Spectacle en anglais surtitré.
La tragédie baroque réussit à Declan Donnellan et à son scénographe de prédilection, Nick Ormerod. On se souvient des mises en scène triomphales de The Changelling (2006) et de The Duchess of Malfi (1995). Leur nouvelle création puisant à cette même veine est un chef d’oeuvre du genre.
Signée de l’auteur élisabéthain John Ford, provoquant contemporain de Shakespeare, Dommage qu’elle soit une putain porterait même la tension propre aux drames transgressifs nés à la fin de la Renaissance en Angleterre à son paroxysme. D’une exceptionnelle modernité, écrite dans une langue sublime, la pièce sulfureuse a intéressé les plus grands noms de la mise en scène, au théâtre comme au cinéma, de Visconti à Stuart Seide en passant par Guiseppe Patroni Griffi.

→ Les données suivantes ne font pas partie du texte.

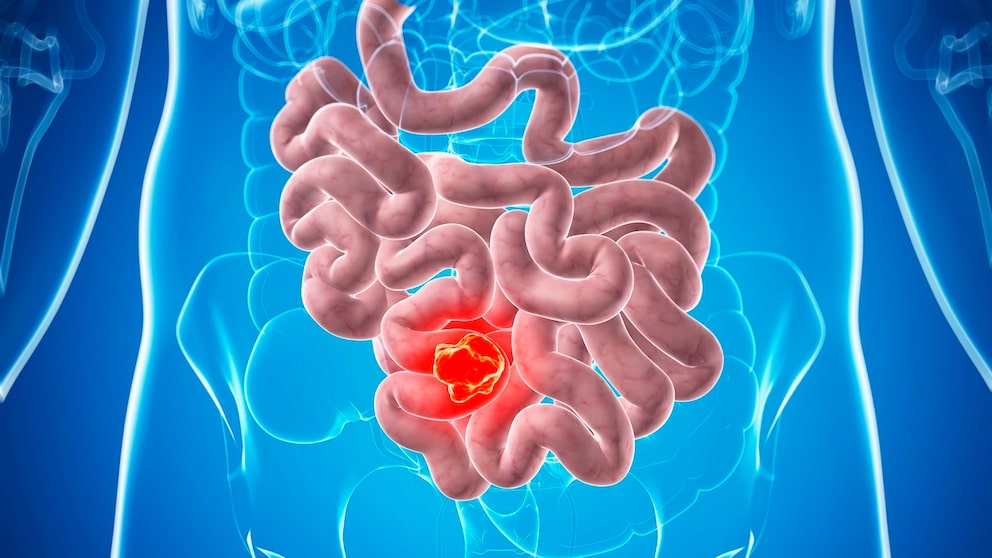 Es gibt einige häufige Symptome von Darmkrebs, die leicht übersehen werden können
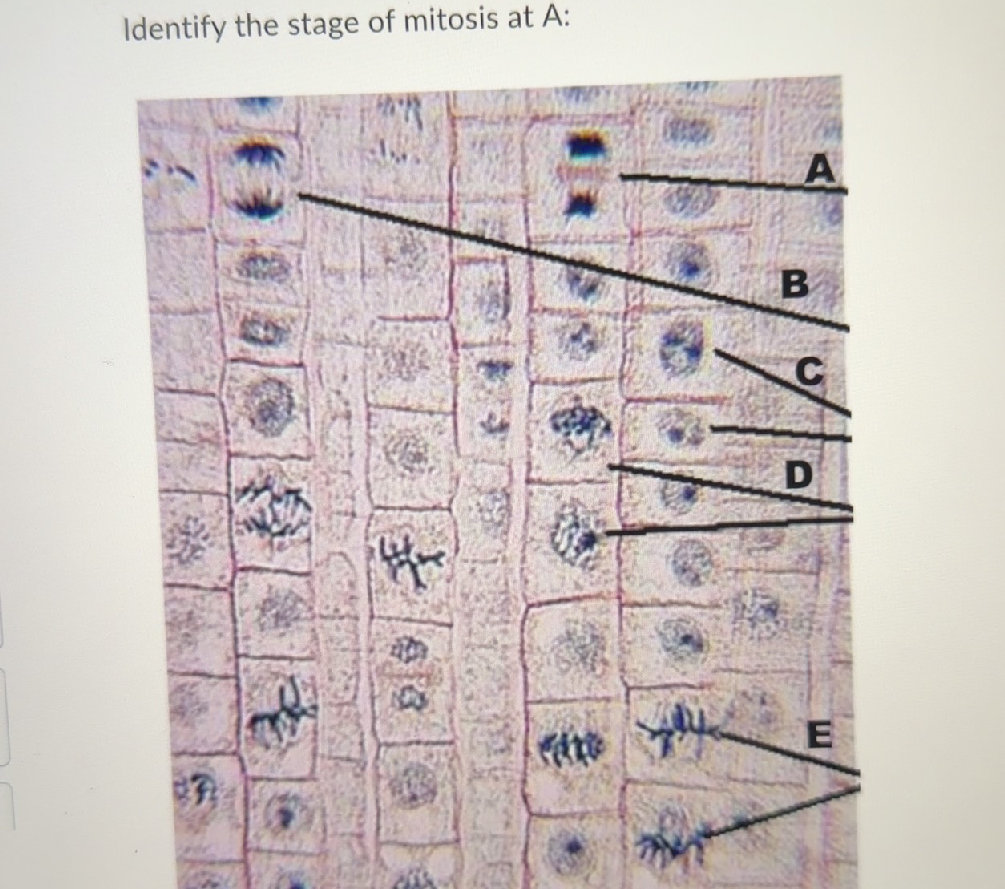 Identify the stage of mitosis at A | StudyX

Les plus grands acteurs ont investi les rôles du couple de protagonistes phares tels Romy Schneider et Alain Delon, Charlotte Rampling et Olivier Tobias, Laurence Roy et Christophe Malavoy.

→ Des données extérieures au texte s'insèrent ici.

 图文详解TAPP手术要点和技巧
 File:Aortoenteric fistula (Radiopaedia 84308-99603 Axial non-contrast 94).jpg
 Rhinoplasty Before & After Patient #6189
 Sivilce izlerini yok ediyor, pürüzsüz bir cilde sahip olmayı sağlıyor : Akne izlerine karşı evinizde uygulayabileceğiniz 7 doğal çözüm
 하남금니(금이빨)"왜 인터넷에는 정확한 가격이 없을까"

Ce Roméo et Juliette puissance dix, histoire d’un amour sans merci, s’attaque au tabou des tabous. Giovanni est amoureux de sa soeur jumelle Annabella. Bravant en libre penseur les recommandations de son tuteur, Frère Bonaventure, il déclare sa passion dévorante, découvre qu’elle est partagée. « Tu es belle comme un couple d’étoiles, d’une beauté plus achevée que l’art peut imiter » s’enflamme Giovanni. De magnifiques et terribles transports de la chair consomment ces amours incestueuses. Le scandale de leur brutale découverte les consume.

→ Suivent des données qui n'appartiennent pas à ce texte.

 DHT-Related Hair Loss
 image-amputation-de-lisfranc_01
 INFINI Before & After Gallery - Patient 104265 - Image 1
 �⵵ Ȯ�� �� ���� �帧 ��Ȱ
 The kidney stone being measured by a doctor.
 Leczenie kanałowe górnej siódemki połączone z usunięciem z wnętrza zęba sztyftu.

La décadence des moeurs, loin d’être stigmatisée, ouvre les vannes à une violente critique politique et sociale, fustigeant la corruption, le dogmatisme et l’hypocrisie. Mieux rendue à son audacieuse splendeur baroque que jamais, la tragédie fouille le large champ émotionnel en s’amusant avec les règles de la dramaturgie classique. Le génie de John Ford mêle cruauté et drôlerie, grande beauté et risible médiocrité.